Makes 9 cookies
● 4.4oz honey
● 3.5oz sugar
● 7.9oz flour
● 2.6oz butter, room temperature
● 1 egg
● 1/2 tsp vanilla
● 1/2 tsp salt
● 1/2 tsp baking soda
● 1.8oz white chocolate drops
● 7.8oz dried apricots, chopped
-
Add honey, sugar, butter and vanilla to a large bowl. Beat with an electric mixer for 1 minute until smooth. Add egg and continue beating for 2-3 minutes until light and creamy.
-
Mix dry ingredients together in a medium bowl. Add to the whipped butter mix and stir to combine, then fold through white chocolate and dried apricots.
-
Line a large plate with baking paper.
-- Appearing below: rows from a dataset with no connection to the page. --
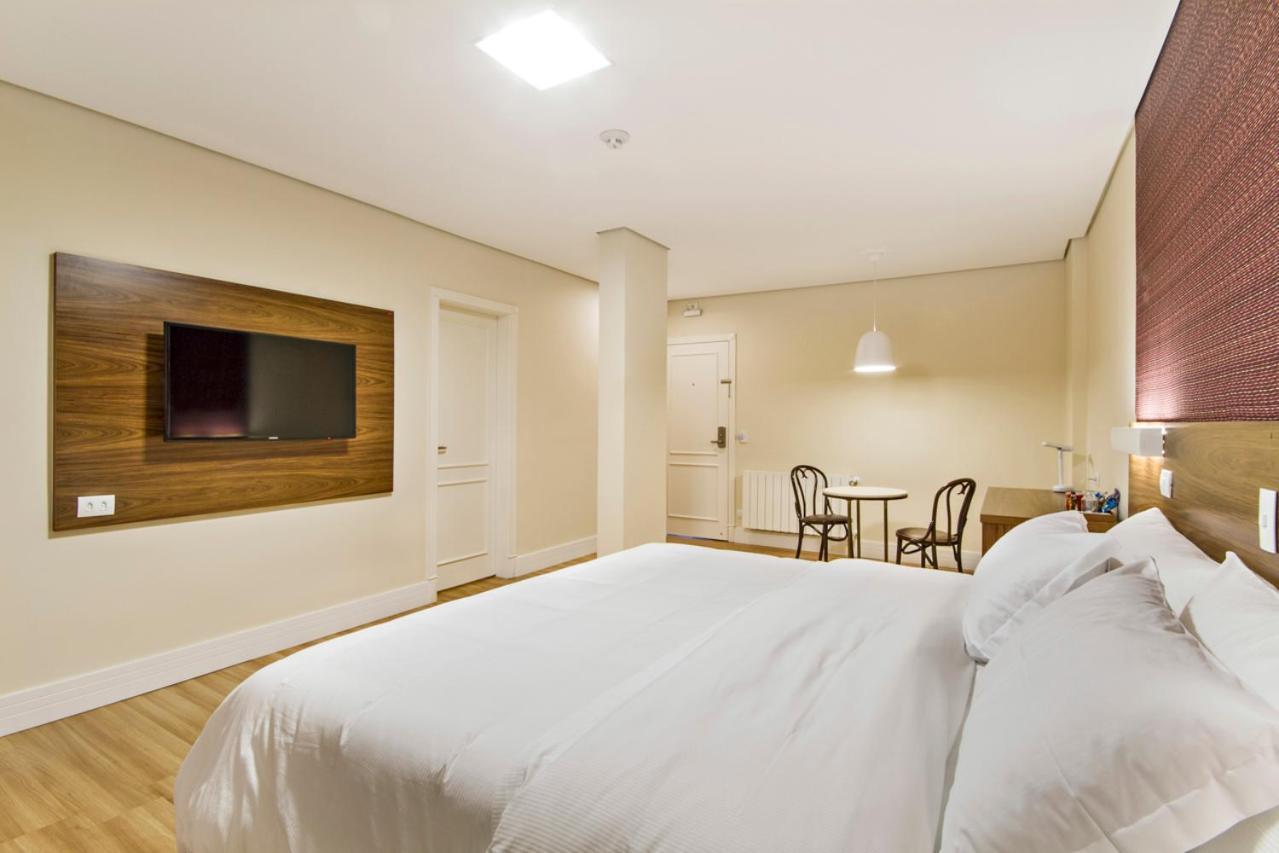 Hotel Chateau Кампус-ду-Жордау Экстерьер фото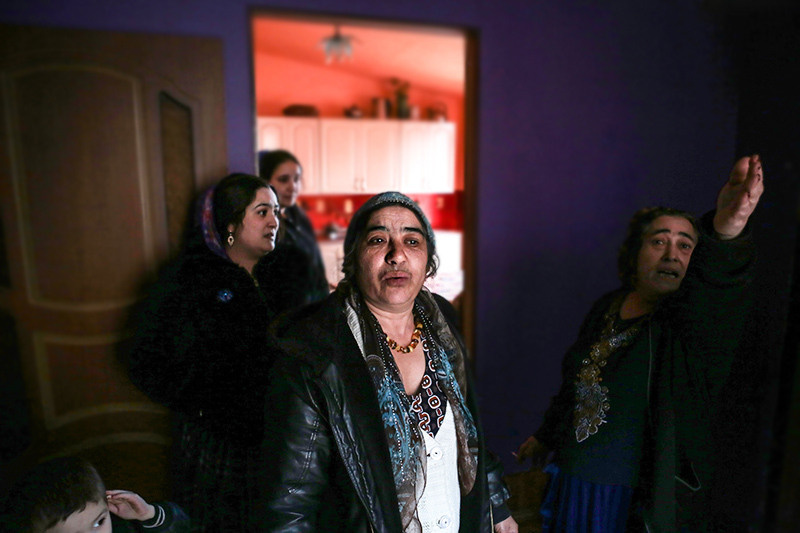 Editorial. Alyona Kondyurina visual artist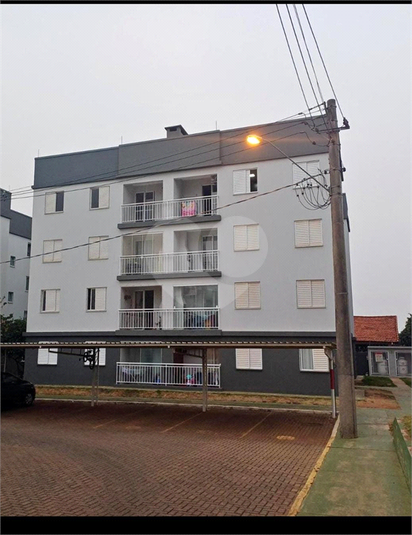 Venda Apartamento Bauru Residencial Parque Colina Verde REO1053038 12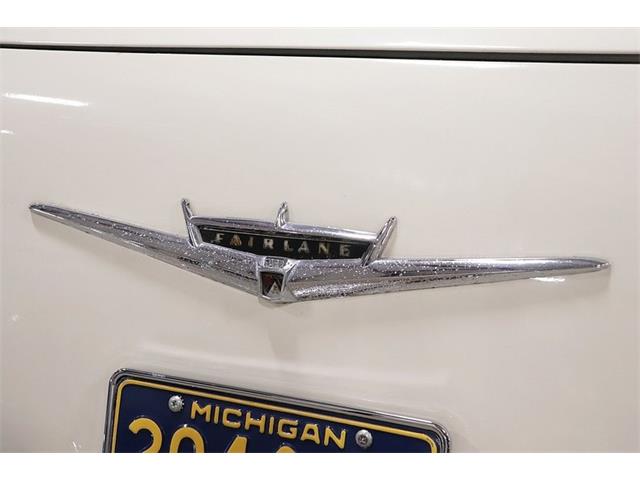 1957 Ford Skyliner (CC-1163351) for sale in Kentwood, Michigan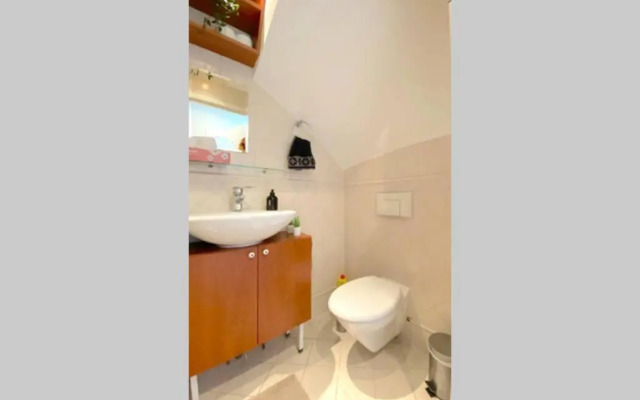 Who's Anton? Monnickendam, vlak bij Amsterdam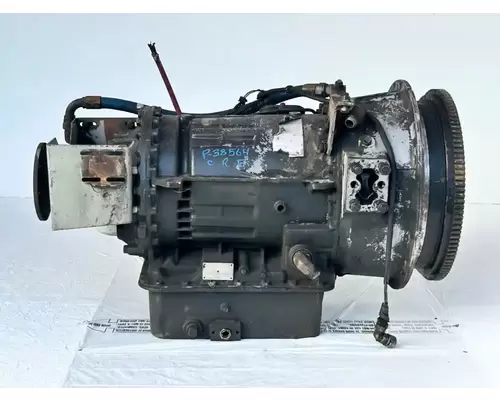 Allison HT740 Transmission Assembly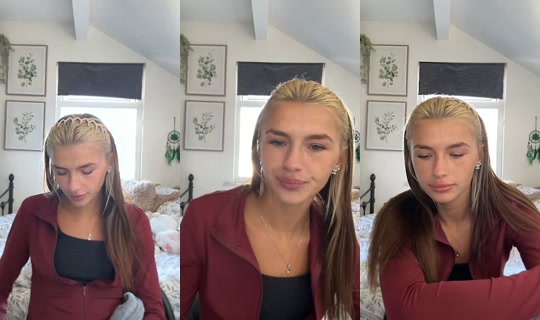 m.cxoxo1's Stream - May 4, 2026, 4:18 PM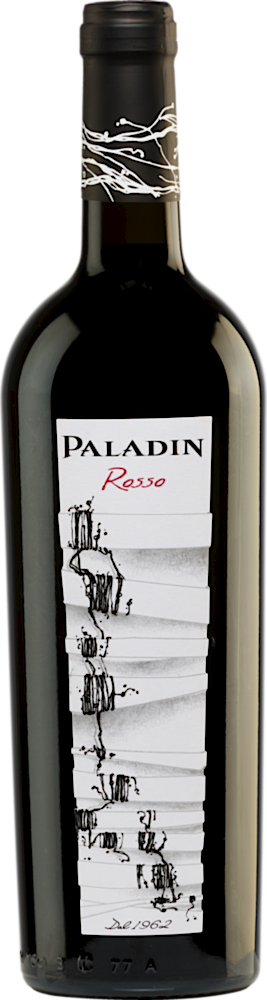 Paladin Rosso 2021 - Paladin - Rotwein - Italien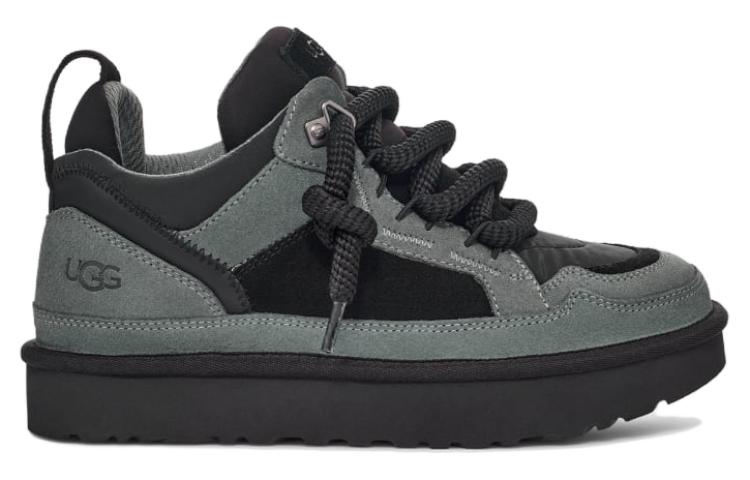 (WMNS) UGG Lowmel Spring 'Rainstorm' 1152759-RNS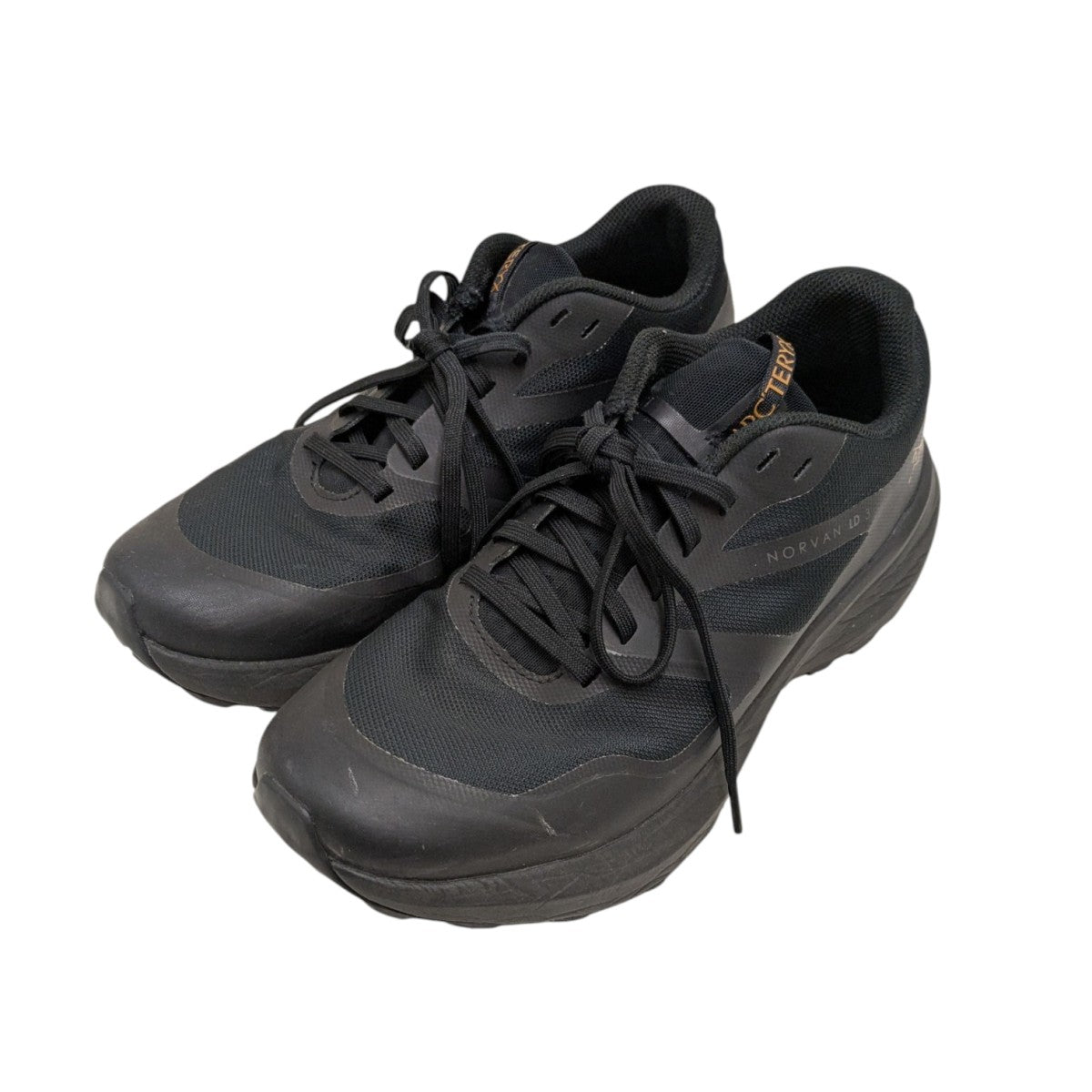 ARC'TERYX(アークテリクス) ローカットスニーカー 225389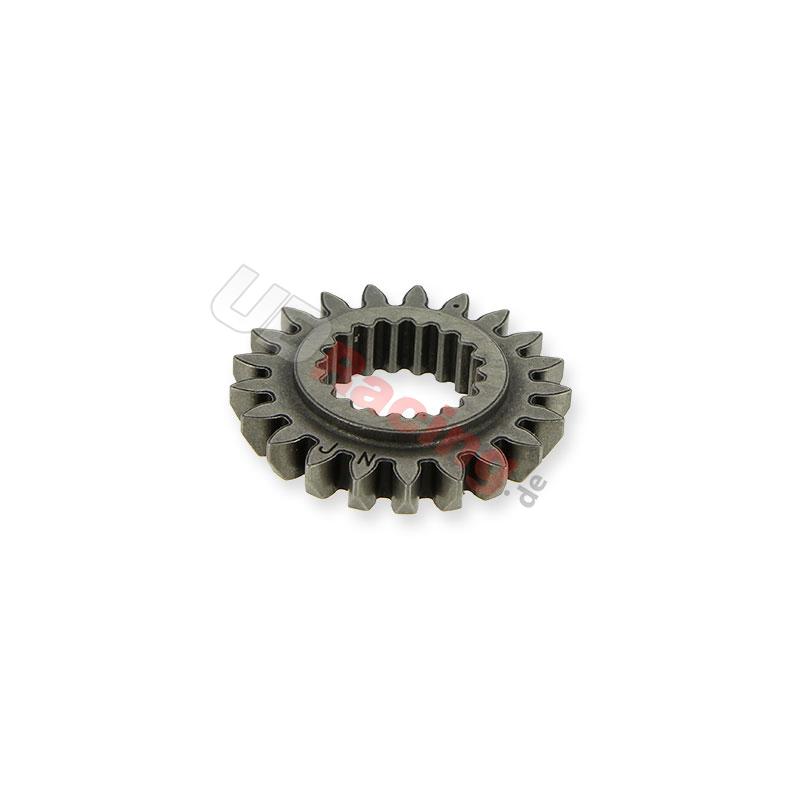 lpumpenrad fr Quad Spy Racing 250 F1, Teile ATV SPY250F1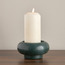 Vermont Spider Pillar Candleholder-household-decor-candleholdersandlanterns-image-1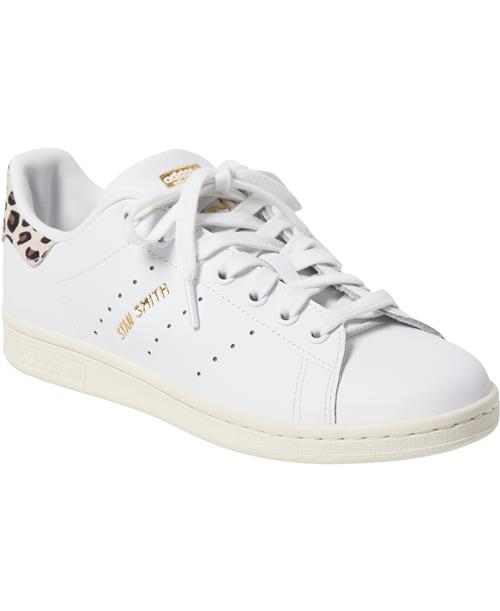 adidas Originals Stan Smith W Kvinde Ftwwht/owhite/won Sneakers Str 42 - hos Magasin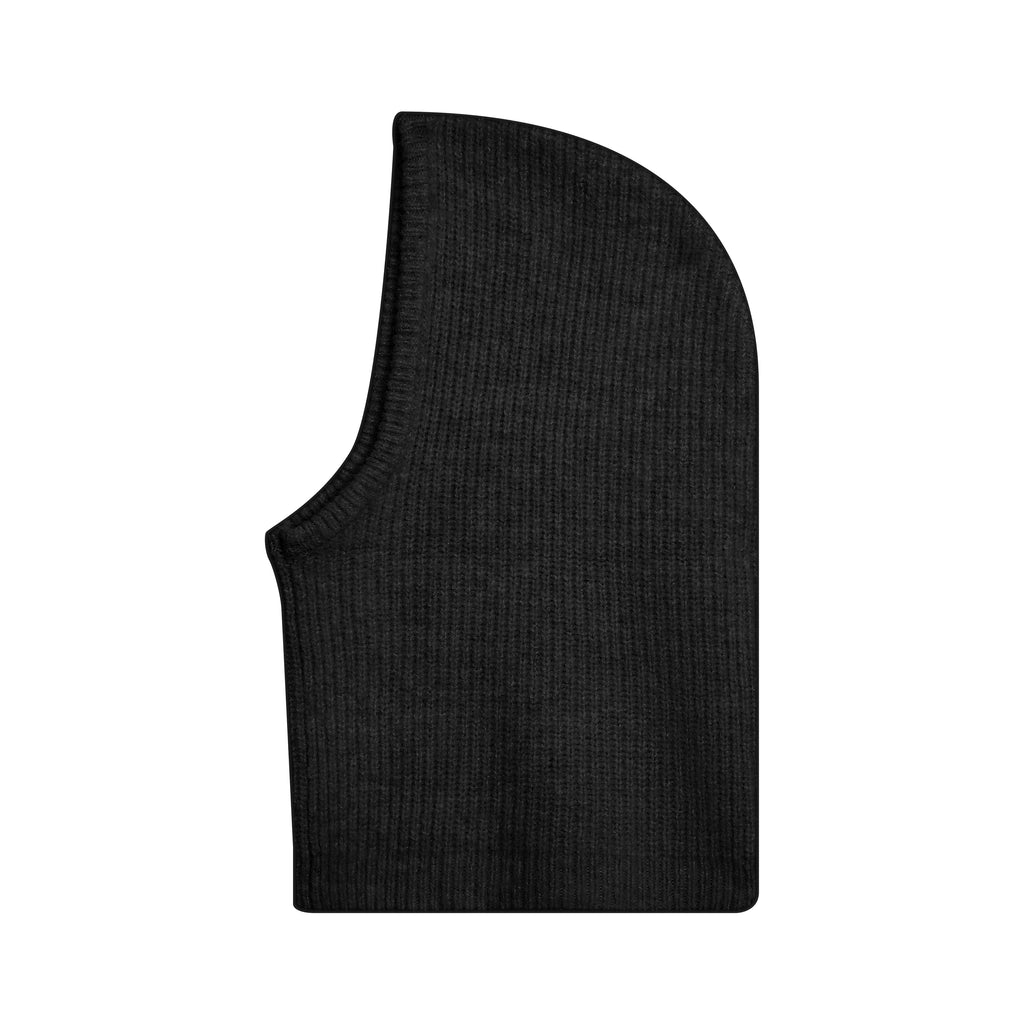 Balaklava Ladassa - Svart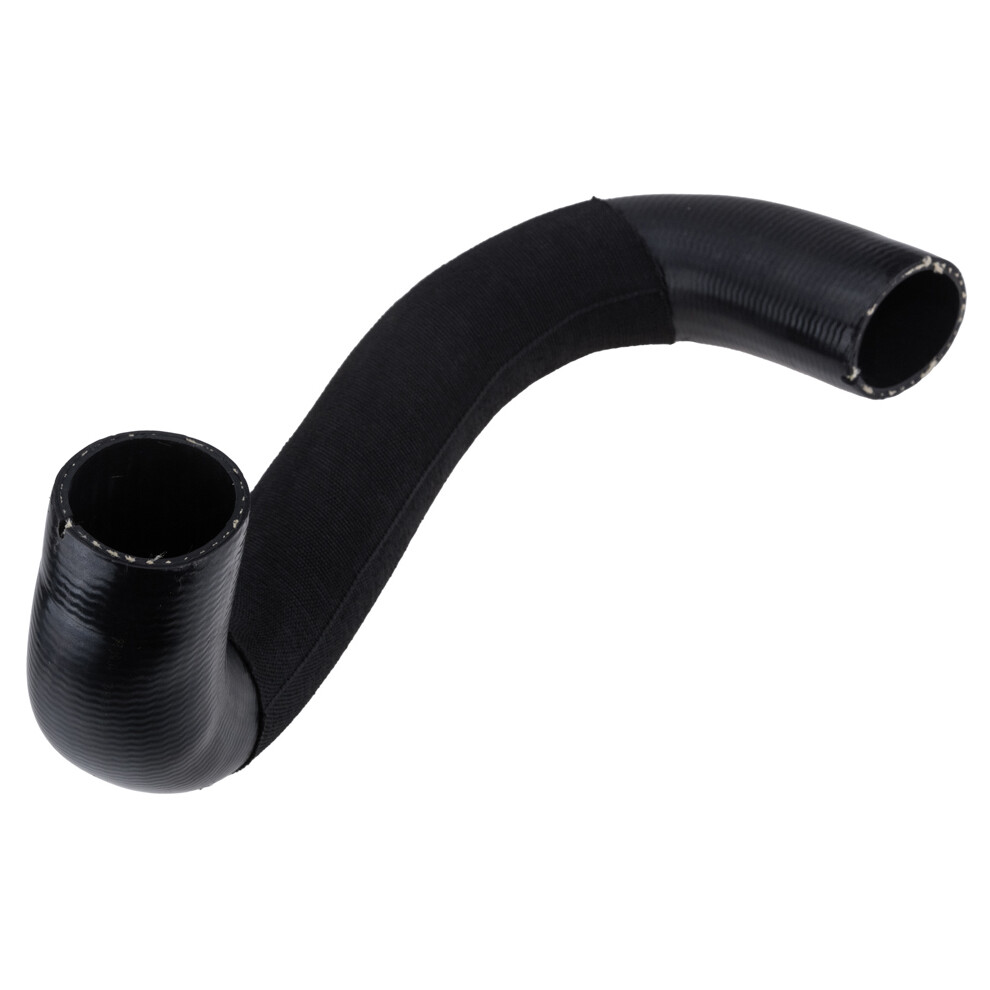 Nty Air Hose For Fiat Ducato 2.3D Multijet 2006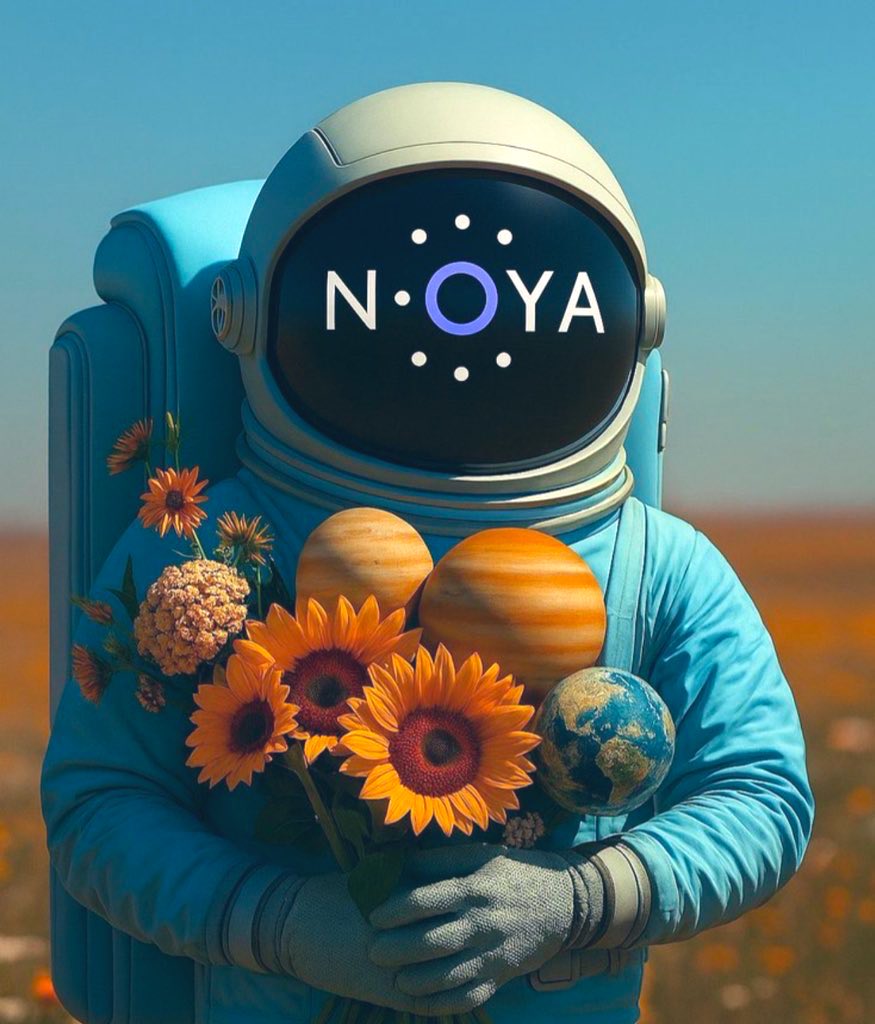 Noya stands out as the only game where progression is truly tangible.
From Stars to Points, Vaults to Bonds every mechanic moves you toward the endgame.
<a href="/NetworkNoya/">NOYA.ai</a>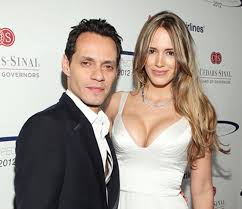 Van halen's original bass player, mark stone, has passed away from cancer. Wow Marc Anthony Has Done Quite Well With This New Wife Of His 2oceansvibe News South African And International News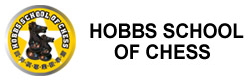 HOBBS SCHOOL OF CHESS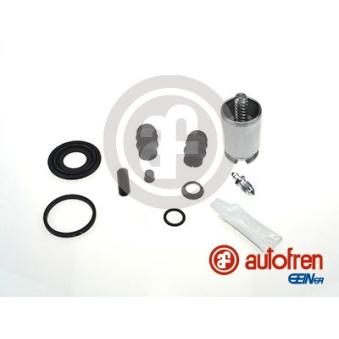 Kit de réparation, étrier de frein AUTOFREN SEINSA OEM 4400T8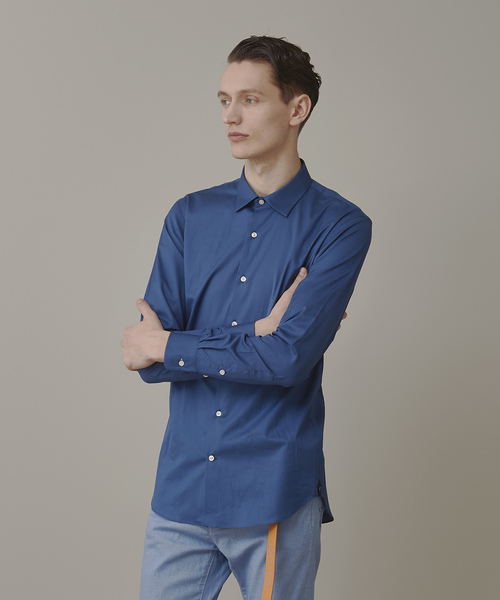 セール Loveless Hitoyoshi Mens コンテンポラリーミニカラーシャツ シャツ ブラウス Loveless ラブレス のファッション通販 Zozotown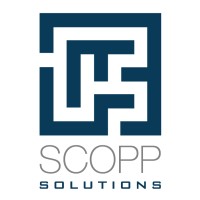 SCOPP Solutions Logo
Roll cookie dough into balls using lightly greased hands, transfer to your prepared plate and freeze for 30 minutes.
-
Preheat oven to 320°F. Line 2 large baking trays with baking paper.
-
Arrange the cookie dough balls on your prepared baking trays, giving them plenty of room to spread. Bake for 15 minutes, until golden, cooked through and soft to the touch.
-
Transfer cookies to a cooling rack. Enjoy fresh from the oven, or at room temperature.